Eight years on: Trajectories of risk and resilience beyond childhood and adolescence

Year: 2005

Author: Howard, Susan, Johnson, Bruce

Type of paper: Abstract refereed

In 1997 we began a research project that tracked a cohort of approximately 50 students aged between 9 and 12 over a period of 5 years. The students lived in highly disadvantaged areas. Our aim was to identify the factors, be they individual, social and/or environmental that contributed to each student’s risk and resilience status and to track how this status changed over time. By the end of the project the participants were aged from 13 – 16 years so we had been able to track most of them through early adolescence and the often difficult transition from primary to high school. Our insights from the huge body of data gathered through this project have been reported at AARE conferences from 1997 on and in Australian and international refereed journals.

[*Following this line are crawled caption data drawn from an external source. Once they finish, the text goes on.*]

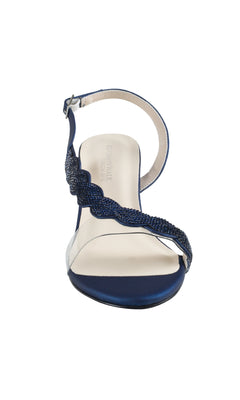 The Ruby Navy Blue Metallic Prom Shoes (Touch Ups 4592) are open-toe sandals with beaded straps, low block heels, and an ankle buckle, shown from the front against a white background.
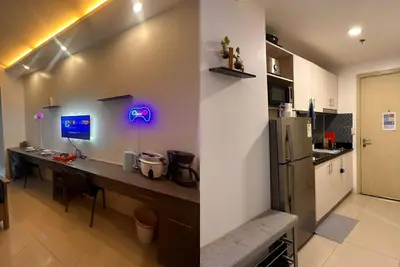 Image de Comfortable staycation condo in the heart of Makati with resort style pools.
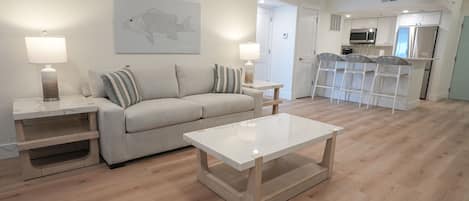 Uma sala de estar com sofá, mesa de centro e duas luminárias. É possível ver uma cozinha ao fundo, com geladeira e micro-ondas.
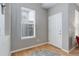 Bright entryway with hardwood floors, a window, and a white door at 24686 E Florida Ave, Aurora, CO 80018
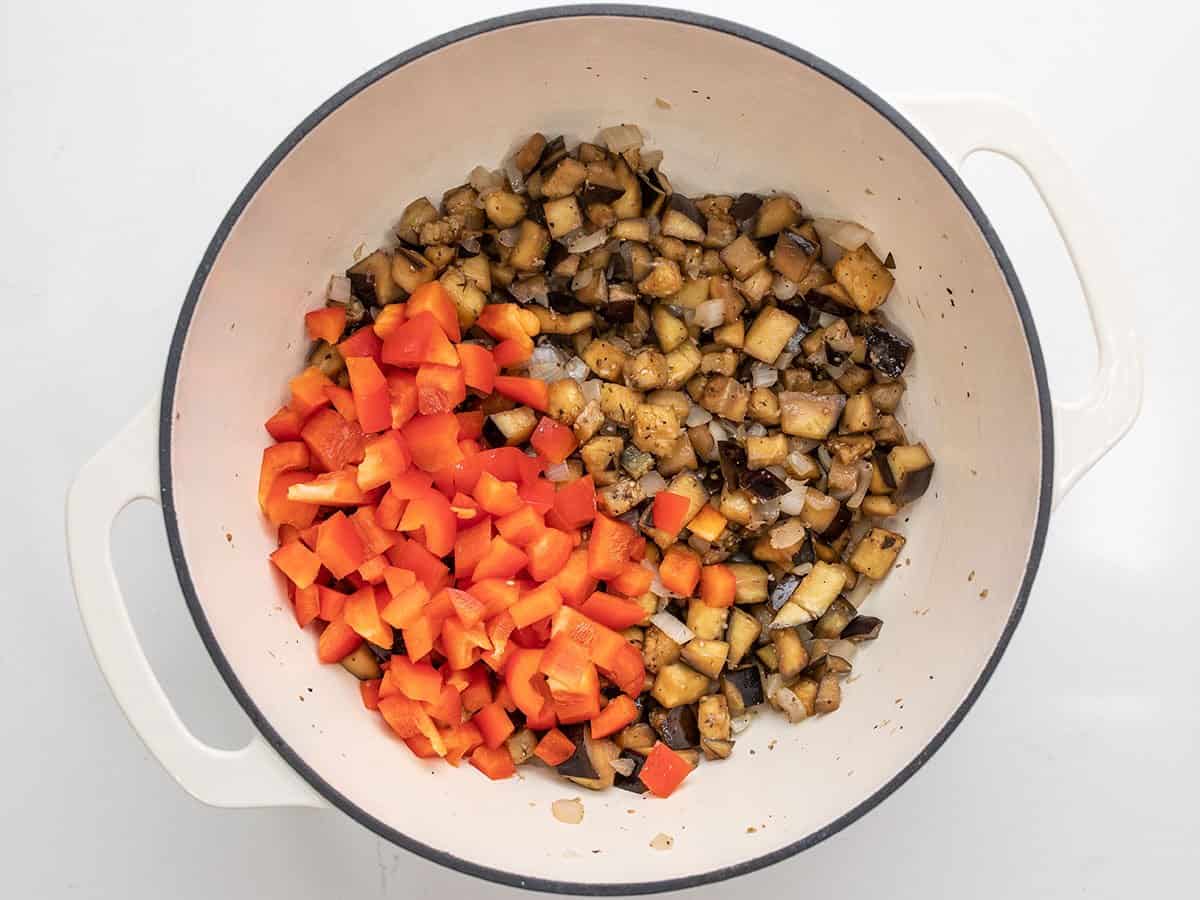 Diced bell pepper added to the pot.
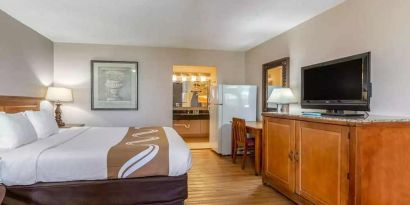 Spacious delux king room with TV, business desk, and fridge at Quality Inn Pasadena.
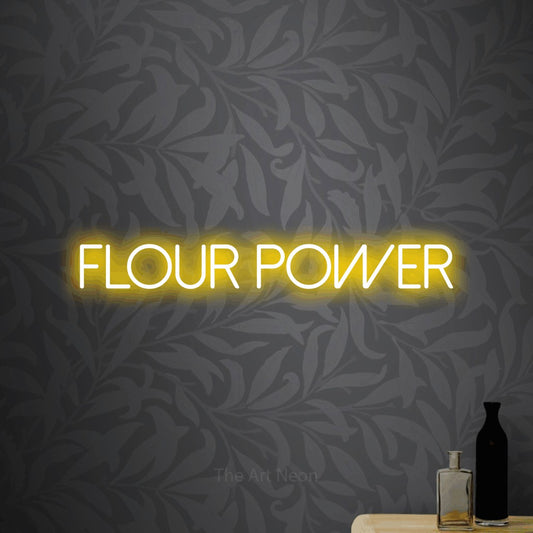 Yellow LED neon sign reading "Flour Power" against light grey floral wallpaper for kitchen décor
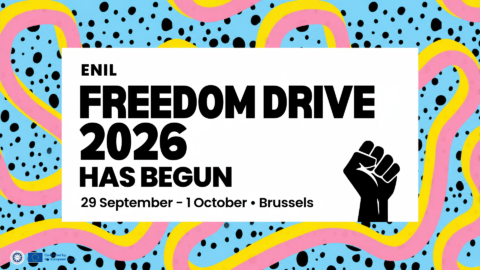 Alt text: Colourful Freedom Drive 2026 graphic with a blue background, black dots, and looping pink and yellow shapes. A large white panel reads: “ENIL Freedom Drive 2026 has begun. 29 September – 1 October • Brussels.” A raised fist symbol appears on the right, with ENIL and EU co-funding logos at the bottom left.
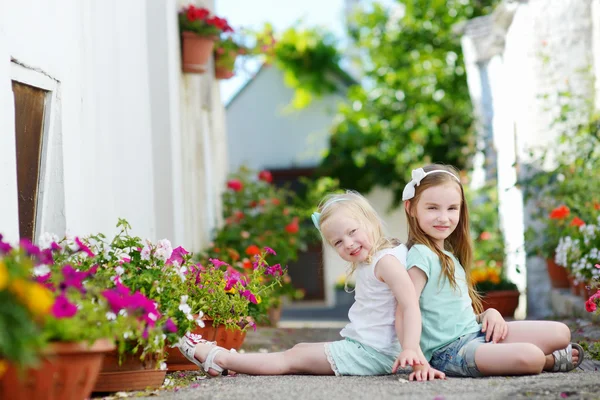 Hermanas sentadas entre flores —  Fotos de Stock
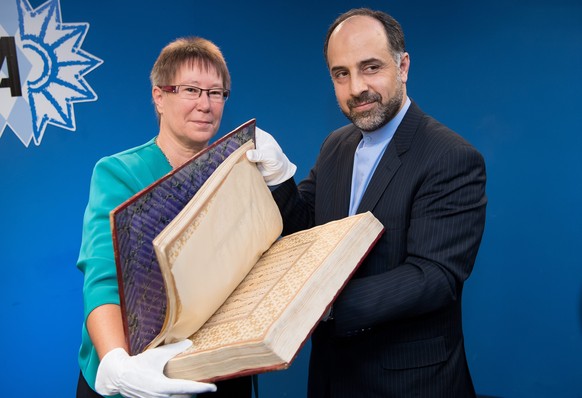 epa05434639 Petra Sandles (L), vice president of the Bavarian State Office of Criminal Investigations (LKA), hands a Quran from northern India (ca. 17th century) to Abdollah Nekounam Ghadiri, Consul G ...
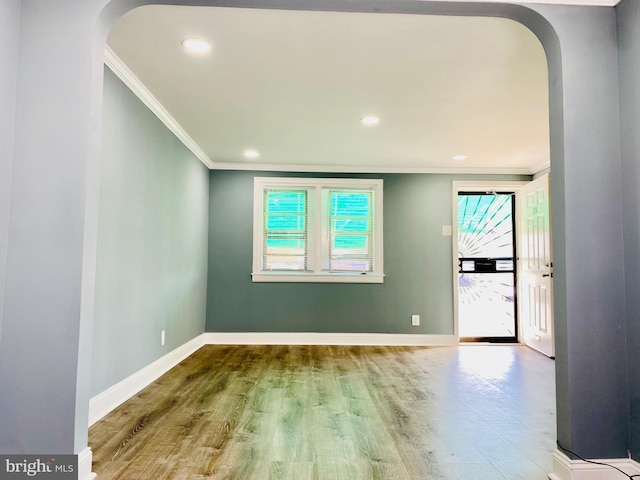 empty room featuring hardwood / wood-style flooring and ornamental molding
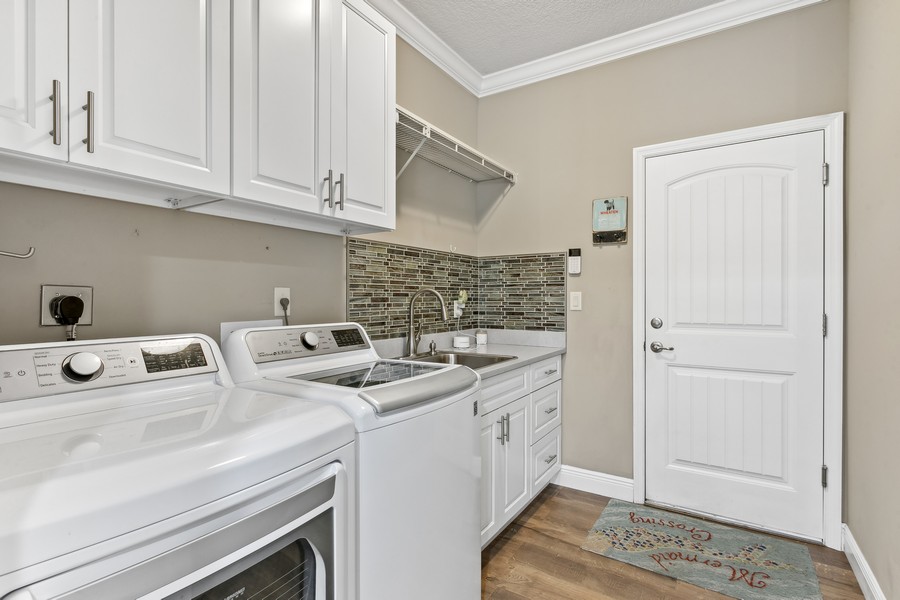 Real Estate Photography - 472 SW Vista Lake Drive, Port Saint Lucie, FL, 34953 - Laundry Room with Full size W/D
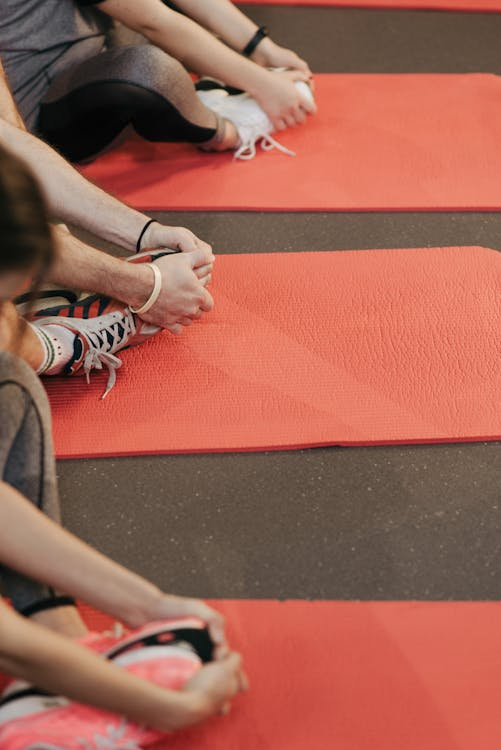 An image of people warming up while sitting on yoga mats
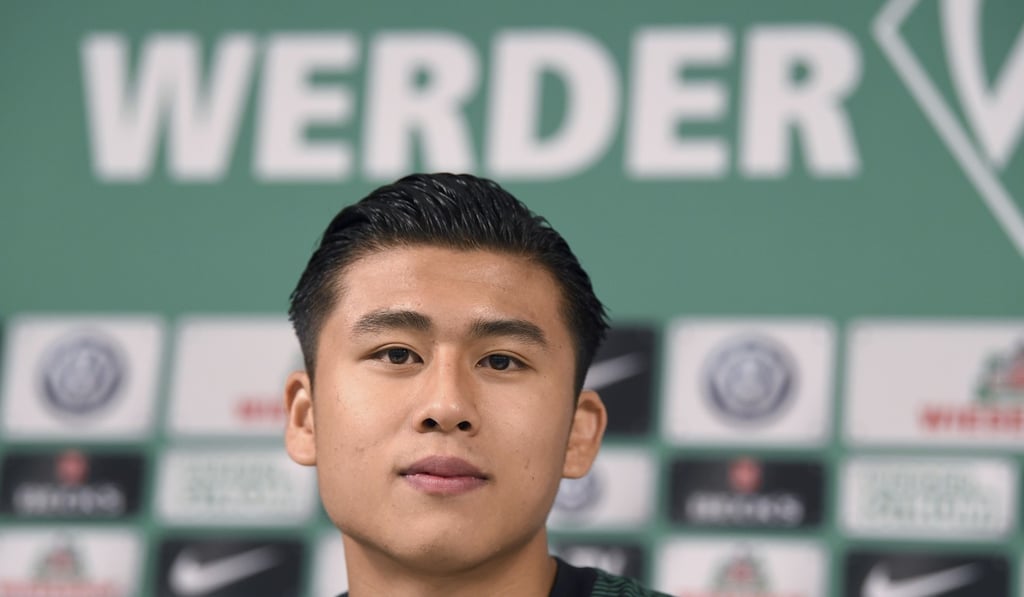 Werder Bremen's new signing Zhang Yuning smiles at a press conference. Photo: Carmen Jaspersen/dpa via AP Werder Bremen's new signing Zhang Yuning smiles at a press conference. Photo: Carmen Jaspersen/dpa via AP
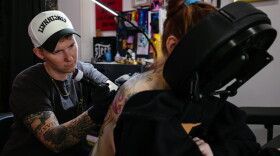 A person lays face down in a massage chair as another person tattoos their back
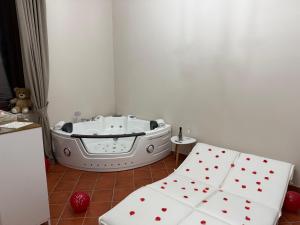 a bath tub in a room with red hearts at La Dimora in Morino +26 photos
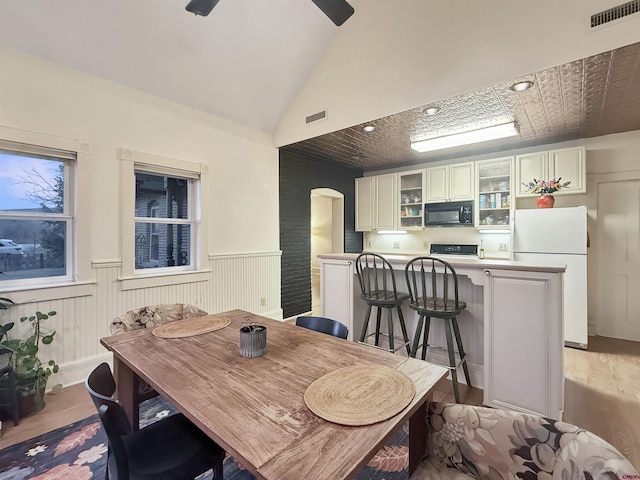 dining room featuring a wainscoted wall, vaulted ceiling, arched walkways, and visible vents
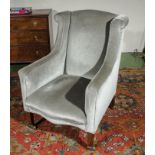 An Edwardian upholstered wing arm chair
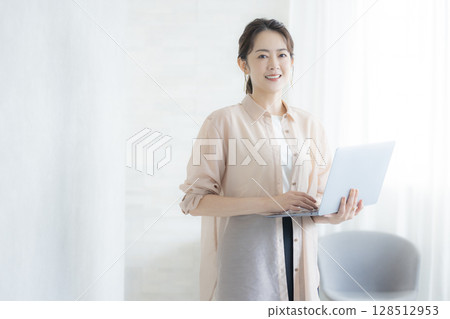 Woman working in the office 128512953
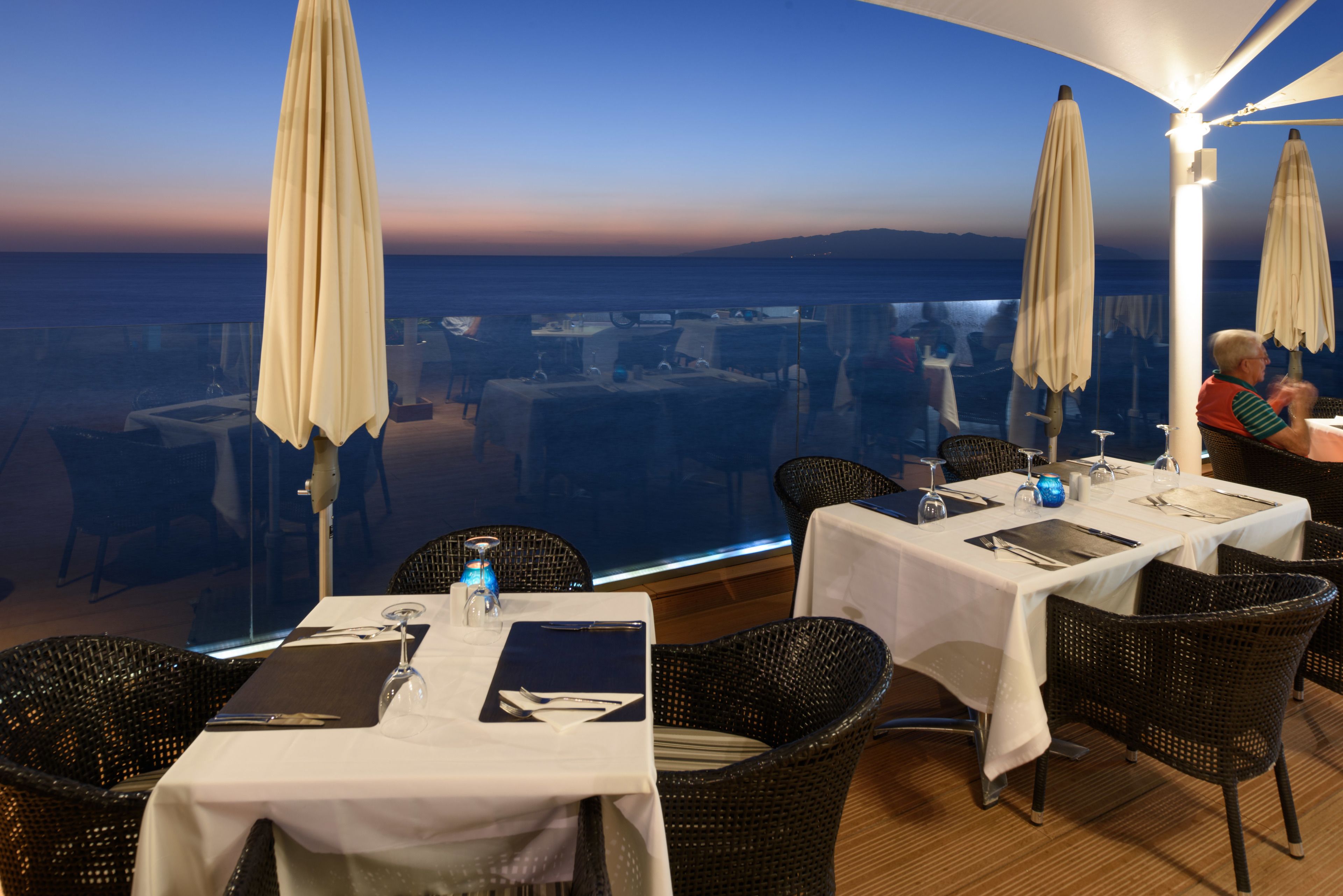 A restaurant with tables set for dining, outdoor umbrellas, and a view of the sea.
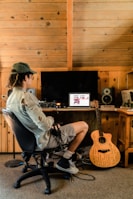 A person sits in a chair facing a computer on a wooden desk in a rustic room with wooden paneling. The computer screen displays music software, and various audio equipment surrounds it. A guitar with writings on its body leans against the desk.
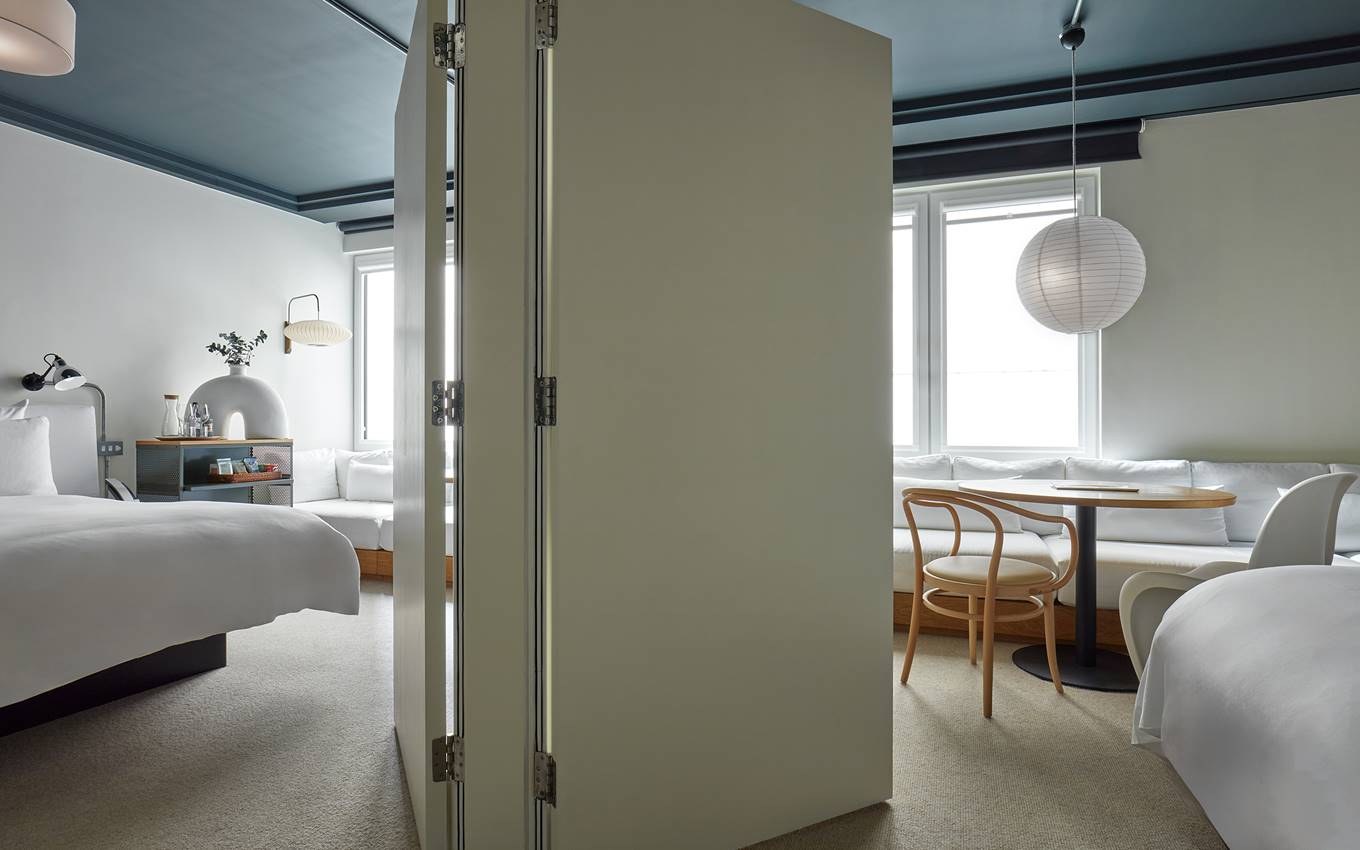 Divided hotel suite at One Hundred Shoreditch with bed, seating area, and round table, separated by a door for privacy.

Many longitudinal studies, particularly in the areas of physical health and social adjustment (e.g. the Dunedin Multidisciplinary Health and Development study) have shown the benefit of tracking research participants beyond adolescence. Accordingly, we set about finding some of our former participants (aged now between 17 and 21) in order to ascertain their present risk/resilience status. Drawing on the work of Rutter (1999) we show in two case studies how negative and positive chain reactions in people’s lives have influenced outcomes and how there are also critical events or ‘turning points’ where choices made have the potential to disrupt these chain effects.